Tra gli orrori prodotti dall’ultima giornata di guerra i missili contro la scuola di Belogorokova, al cui interno avevano trovato rifugio circa 90 persone (sotto le macerie ve ne sarebbero una sessantina). Un nuovo bombardamento ha interessato anche la regione di Sumy, nel nord est del Paese. Tra i siti colpiti, segnala il Messaggero, il cimitero ebraico di Shostka.
“Condivide la retorica russa della denazificazione?” chiede Repubblica al senatore Vito Petrocelli, che appare in procinto di perdere l’incarico di presidente della Commissione Esteri. Questa la sua risposta: “Non giustifico l’invasione, ma capisco cosa vuol dire avere tutti gli armamenti Nato alle porte”. Sempre su Repubblica il monaco Enzo Bianchi, citando il profeta biblico Geremia e il suo auspicio di una trattativa con i babilonesi, sostiene che “se ci sarà una vittoria tra Ucraina e Russia sarà la più grande sciagura che ci possa capitare: non ci saranno vincitori ma terre desolate, popolazioni decimate dalla morte”. Una posizione, quella dell’ex priore di Bose, che va ad arricchire l’eterogeneo gruppo di chi non vuol riconoscere all’Ucraina il suo diritto a resistere.
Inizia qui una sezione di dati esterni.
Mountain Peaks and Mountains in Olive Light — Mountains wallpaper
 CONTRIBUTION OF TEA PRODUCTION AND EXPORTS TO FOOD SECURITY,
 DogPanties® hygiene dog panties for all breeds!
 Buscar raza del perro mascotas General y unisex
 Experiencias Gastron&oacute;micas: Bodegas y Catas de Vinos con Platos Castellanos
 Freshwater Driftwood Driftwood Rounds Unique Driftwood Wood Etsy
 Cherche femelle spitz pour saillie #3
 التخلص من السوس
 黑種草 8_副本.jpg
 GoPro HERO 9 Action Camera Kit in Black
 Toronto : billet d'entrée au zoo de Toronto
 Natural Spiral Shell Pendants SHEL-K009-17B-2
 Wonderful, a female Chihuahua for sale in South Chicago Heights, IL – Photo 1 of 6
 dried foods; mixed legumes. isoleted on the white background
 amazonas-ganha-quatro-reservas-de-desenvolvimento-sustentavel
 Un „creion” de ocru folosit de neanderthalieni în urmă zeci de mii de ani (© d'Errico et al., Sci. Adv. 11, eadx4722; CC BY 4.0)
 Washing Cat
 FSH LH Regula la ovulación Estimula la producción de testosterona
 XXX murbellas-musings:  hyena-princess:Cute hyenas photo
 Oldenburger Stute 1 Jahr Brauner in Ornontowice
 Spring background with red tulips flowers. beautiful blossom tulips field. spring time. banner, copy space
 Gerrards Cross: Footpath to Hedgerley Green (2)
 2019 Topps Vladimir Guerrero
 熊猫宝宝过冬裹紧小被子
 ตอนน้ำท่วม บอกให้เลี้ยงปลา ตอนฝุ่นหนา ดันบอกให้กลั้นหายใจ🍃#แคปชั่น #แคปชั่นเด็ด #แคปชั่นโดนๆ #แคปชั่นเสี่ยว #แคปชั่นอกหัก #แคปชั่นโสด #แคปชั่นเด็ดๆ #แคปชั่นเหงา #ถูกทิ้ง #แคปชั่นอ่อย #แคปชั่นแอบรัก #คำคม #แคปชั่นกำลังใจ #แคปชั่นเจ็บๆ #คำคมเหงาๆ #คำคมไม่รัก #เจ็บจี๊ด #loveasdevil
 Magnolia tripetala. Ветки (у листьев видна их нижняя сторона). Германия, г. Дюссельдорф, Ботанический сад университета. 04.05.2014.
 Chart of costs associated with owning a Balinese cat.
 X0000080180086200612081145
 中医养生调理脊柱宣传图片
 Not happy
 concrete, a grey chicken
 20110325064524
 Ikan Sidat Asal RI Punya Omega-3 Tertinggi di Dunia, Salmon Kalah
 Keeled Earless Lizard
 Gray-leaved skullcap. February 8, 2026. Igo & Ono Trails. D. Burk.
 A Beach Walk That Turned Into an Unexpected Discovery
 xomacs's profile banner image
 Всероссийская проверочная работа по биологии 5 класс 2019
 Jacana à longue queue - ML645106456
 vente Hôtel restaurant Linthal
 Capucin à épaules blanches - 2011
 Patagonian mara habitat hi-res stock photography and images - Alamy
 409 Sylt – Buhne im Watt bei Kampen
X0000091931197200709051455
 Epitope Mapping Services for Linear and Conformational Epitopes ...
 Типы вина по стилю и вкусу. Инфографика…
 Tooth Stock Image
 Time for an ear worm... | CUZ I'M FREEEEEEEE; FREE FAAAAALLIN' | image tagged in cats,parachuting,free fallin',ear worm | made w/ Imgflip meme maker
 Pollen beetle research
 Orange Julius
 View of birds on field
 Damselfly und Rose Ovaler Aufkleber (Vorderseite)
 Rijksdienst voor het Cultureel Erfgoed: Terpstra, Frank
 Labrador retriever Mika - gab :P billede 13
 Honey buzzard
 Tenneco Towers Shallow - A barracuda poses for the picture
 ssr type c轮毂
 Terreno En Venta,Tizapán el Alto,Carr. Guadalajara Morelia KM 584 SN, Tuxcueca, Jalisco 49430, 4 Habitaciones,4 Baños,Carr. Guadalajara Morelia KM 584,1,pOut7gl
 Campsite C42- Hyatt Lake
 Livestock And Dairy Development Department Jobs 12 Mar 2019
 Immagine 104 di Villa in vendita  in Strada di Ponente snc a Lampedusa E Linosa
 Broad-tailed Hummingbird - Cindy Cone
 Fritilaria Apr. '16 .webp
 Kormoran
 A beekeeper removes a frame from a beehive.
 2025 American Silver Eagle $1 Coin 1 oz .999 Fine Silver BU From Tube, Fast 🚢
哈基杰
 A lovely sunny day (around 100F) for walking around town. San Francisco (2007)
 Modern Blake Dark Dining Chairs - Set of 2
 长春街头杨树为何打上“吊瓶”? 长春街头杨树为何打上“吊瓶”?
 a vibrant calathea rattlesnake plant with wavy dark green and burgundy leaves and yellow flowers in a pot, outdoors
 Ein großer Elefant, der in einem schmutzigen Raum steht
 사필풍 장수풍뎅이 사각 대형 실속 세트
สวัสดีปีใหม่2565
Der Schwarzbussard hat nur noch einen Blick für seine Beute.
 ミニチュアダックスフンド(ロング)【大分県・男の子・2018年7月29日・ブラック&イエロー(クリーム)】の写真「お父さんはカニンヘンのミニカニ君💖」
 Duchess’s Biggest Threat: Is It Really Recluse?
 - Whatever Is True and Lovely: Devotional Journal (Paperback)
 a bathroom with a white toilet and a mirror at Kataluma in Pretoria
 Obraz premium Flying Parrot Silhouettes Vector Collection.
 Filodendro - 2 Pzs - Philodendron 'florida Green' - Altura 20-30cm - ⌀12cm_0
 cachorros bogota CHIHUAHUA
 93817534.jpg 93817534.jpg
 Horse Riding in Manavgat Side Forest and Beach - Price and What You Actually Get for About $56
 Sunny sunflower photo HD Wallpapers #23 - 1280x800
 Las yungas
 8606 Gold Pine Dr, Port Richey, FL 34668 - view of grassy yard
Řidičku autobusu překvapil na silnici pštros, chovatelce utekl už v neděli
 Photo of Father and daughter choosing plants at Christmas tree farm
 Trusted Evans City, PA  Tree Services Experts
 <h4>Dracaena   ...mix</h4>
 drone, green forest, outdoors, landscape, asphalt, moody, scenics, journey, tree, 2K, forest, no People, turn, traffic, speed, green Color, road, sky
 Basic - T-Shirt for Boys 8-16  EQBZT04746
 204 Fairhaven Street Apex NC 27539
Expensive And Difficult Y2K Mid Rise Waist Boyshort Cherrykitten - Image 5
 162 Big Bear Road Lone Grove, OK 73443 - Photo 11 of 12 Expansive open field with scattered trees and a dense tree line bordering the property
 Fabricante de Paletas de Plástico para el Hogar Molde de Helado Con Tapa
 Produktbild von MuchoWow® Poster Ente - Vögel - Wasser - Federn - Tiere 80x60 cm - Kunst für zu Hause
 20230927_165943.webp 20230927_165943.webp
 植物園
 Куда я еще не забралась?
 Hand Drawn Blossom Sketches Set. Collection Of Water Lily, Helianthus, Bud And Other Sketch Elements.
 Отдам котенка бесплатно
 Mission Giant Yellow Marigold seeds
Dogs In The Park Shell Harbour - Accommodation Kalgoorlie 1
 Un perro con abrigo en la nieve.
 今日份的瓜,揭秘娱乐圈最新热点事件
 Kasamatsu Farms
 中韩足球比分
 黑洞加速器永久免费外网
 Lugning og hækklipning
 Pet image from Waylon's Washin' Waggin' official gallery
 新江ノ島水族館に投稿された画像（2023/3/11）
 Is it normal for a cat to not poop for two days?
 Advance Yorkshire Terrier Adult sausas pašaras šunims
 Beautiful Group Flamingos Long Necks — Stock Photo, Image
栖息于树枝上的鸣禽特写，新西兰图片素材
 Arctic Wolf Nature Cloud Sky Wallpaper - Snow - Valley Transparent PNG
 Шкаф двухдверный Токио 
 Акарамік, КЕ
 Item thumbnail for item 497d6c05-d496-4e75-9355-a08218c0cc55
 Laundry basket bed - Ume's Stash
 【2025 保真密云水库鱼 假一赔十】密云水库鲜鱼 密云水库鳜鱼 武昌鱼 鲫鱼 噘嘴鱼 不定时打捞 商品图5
“La dichiarata volontà di de-nazificare l’Ucraina, così come le indegne parole di Lavrov su Hitler e gli ebrei, o l’equiparazione di Zelensky tra il martirio della sua nazione e la Shoah, o il tentativo di dire che la resistenza ucraina è uguale alla resistenza italiana contro i nazifascisti”. A detta dello storico dell’arte Tomaso Montanari, che ne scrive sul Fatto Quotidiano, “tutti casi in cui una lettura non scientifica del passato serve a piegare la storia alle esigenze politiche del presente”.
“Libertà di espressione non vuol dire licenza di dire falsità senza alcun contraddittorio”. Così il segretario del Pd Enrico Letta, in una intervista con il Corriere, a proposito del recente comizio televisivo di Lavrov.
Repubblica racconta Leopoli e la sua storia, ricordando come in questa città simbolo si siano formati anche Hersch Lauterpacht e Raphael Lemkin. Figure, si legge, il cui pensiero “attraversa il tempo della catastrofe per l’Europa fino a condizionare le categorie giuridiche che sostengono le accuse contro i criminali nazisti nel palazzo di giustizia di Norimberga”.
Braccia tese e slogan: su Repubblica si descrivono “le nostalgie nere dei dirigenti di Fratelli d’Italia”, citando vari episodi che hanno suscitato scalpore. Sotto accusa anche la leader Giorgia Meloni: “Incisi restano i fatti, i simboli. E la plasticità dei gesti. Soprattutto quei saluti romani che pochi giorni fa Meloni, non condannandoli, ha definito semplicemente antistorici”.
Un Memoriale potrebbe ricordare in futuro Ugo Forno, “il partigiano bambino” che rimase ucciso a Roma il 5 giugno del 1944. Il progetto, illustrato dal Corriere, è stato ideato dall’associazione “Parenti e amici di Ugo Forno” e disegnato dall’architetto Luca Zevi.